▶ [Exercise brief]: Which lines of the entries contain the string "Hotel"? Please find them and copy them.

▶ [Working data]:
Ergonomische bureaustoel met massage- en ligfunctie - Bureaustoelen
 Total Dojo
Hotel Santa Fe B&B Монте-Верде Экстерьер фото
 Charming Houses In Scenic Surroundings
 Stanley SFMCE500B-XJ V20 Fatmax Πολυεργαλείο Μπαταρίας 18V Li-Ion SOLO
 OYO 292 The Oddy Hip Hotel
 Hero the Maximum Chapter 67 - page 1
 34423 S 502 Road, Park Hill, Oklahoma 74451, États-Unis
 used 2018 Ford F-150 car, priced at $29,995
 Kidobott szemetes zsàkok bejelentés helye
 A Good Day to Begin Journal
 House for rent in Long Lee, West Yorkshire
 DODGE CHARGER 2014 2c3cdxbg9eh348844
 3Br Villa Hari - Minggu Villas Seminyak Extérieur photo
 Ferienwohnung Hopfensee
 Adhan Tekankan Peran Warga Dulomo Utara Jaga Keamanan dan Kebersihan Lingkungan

▶ [Solution for this task]:
Hotel Santa Fe B&B Монте-Верде Экстерьер фото
 OYO 292 The Oddy Hip Hotel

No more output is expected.